A former Navy SEAL who participated in the operation that killed Osama bin Laden has written a book about the mission, which went on sale September 4th. The SEAL wrote the book under the pseudonym Mark Owen, but Fox News revealed his real identity as Matt Bissonnette after multiple other SEALs came forward with the information.
The book has not only angered other members of the military, who claim the author has broken the tradition of silence regarding SEAL missions, but has also drawn the ire of the Pentagon, which says that Bissonnette did not submit the book to either the CIA or the Defense Department for review before sending it to be published. Navy SEALs, like all military and intelligence community personnel who come into contact with military secrets, are required to sign non-disclosure agreements and must submit all book manuscripts for security review by the Pentagon before they can be published.
According to CBS News the Pentagon is considering taking legal action against Bissonnette. The general counsel for the Defense Department sent a letter on Thursday claiming that the non-disclosure agreements Bissonnette signed in 2007 obliged him to never reveal any classified information about his time in the Navy. That agreement remains in force even though Bissonnette retired from active duty in April 2012.
Several laws and regulations are relevant to this issue. A provision of the Espionage Act, 18 U.S.C. § 798, makes it illegal for anyone to disclose classified information. Department of Justice regulations in 28 CFR § 17.18 require that all individuals with access to sensitive information be required to sign nondisclosure agreements containing a provision for prepublication review to assure deletion of the sensitive or classified information. Failure to submit such material for prepublication review constitutes a breach of the obligation and exposes the author to remedial action even in cases where the published material does not actually contain Sensitive Compartmented Information or classified information.
If the Pentagon does pursue legal action, it can proceed in two ways. First, the Pentagon can sue Bissonnette under a breach of contract theory, because Bissonnette breached his nondisclosure agreement both in disclosing sensitive information and in failing to submit his manuscript for review. This was the winning argument in Snepp v. United States, 444 U.S. 507 (1980).
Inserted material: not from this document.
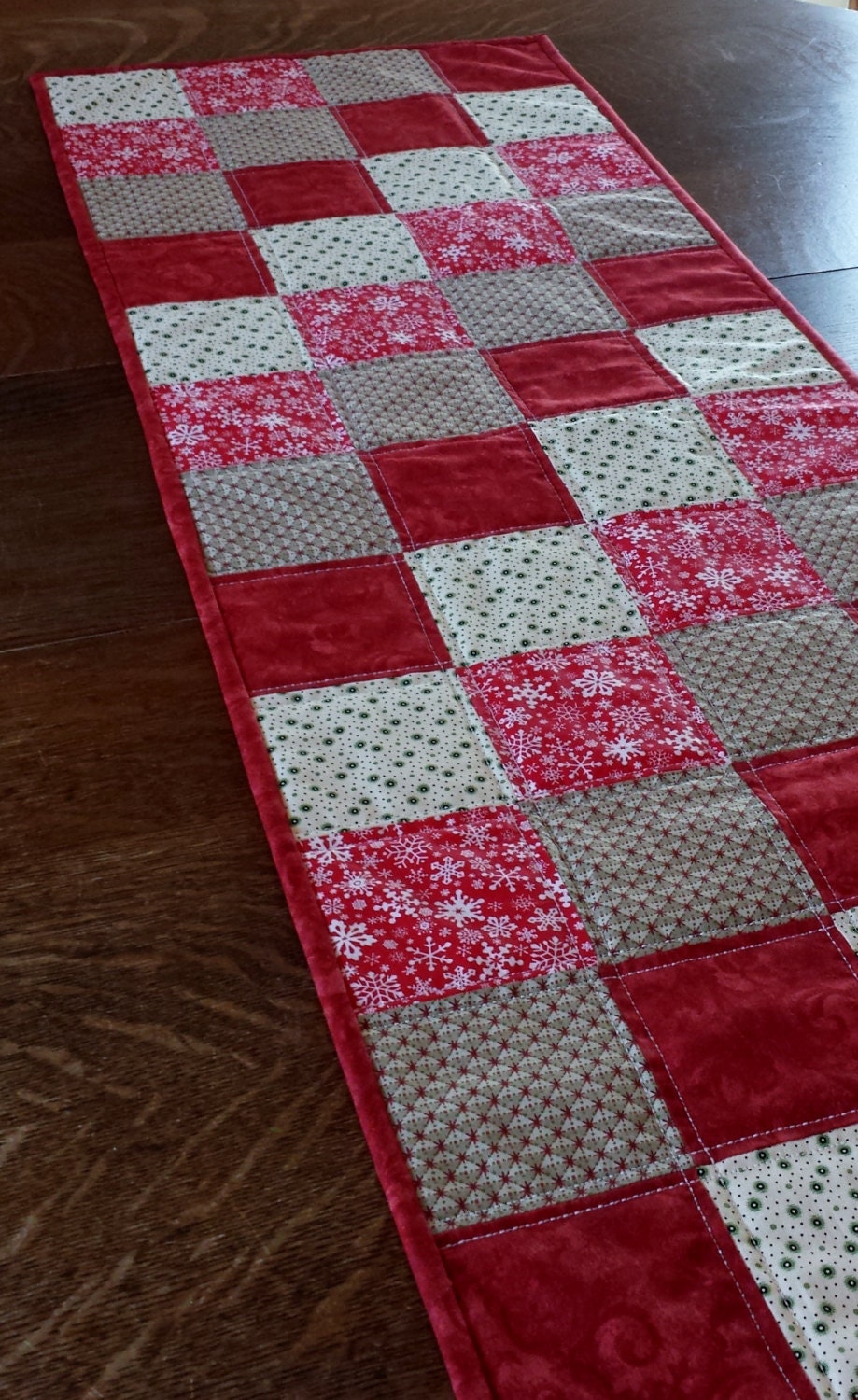 Quilted Winter/Holiday Table Runner country theme red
In that case, Snepp (a retired CIA agent) published a book about his experiences without prior review and approval from the CIA. The Court found that Snepp had a right to publish his book, but it ordered that the profits from the book be placed in a constructive trust because Snepp violated the agreement to submit the book for prepublication review.
In addition to a suit in civil court, the Department of Defense can bring criminal charges under 18 U.S.C. § 798, the criminal provision on disclosure of classified information. To prevail under this claim, the government would have to prove that the information in Bissonnette’s book was classified and concerned communication intelligence activities or information on codes or cryptographic devices used by any part of the United States government. The government must also prove that the information is at least potentially damaging to the United States or advantageous to a foreign government. This is a heavier burden than simply proving that Bissonnette breached his agreement, but the resulting punishment will also be heavier if the government proves its case: Bissonnette will not only have to forfeit all profits related to the book, but he may also receive other punishment as the court sees fit, including incarceration or fines.
Given courts’ current tendencies to defer to the government on claims relating to national security, it seems likely that there will be consequences for this SEAL’s decision to breach his nondisclosure agreement. On the other hand, Bissonnette and others have pointed out that the White House has leaked substantial amounts of information regarding the Osama bin Laden mission, so perhaps Bissonnette should be able to tell his side of the story.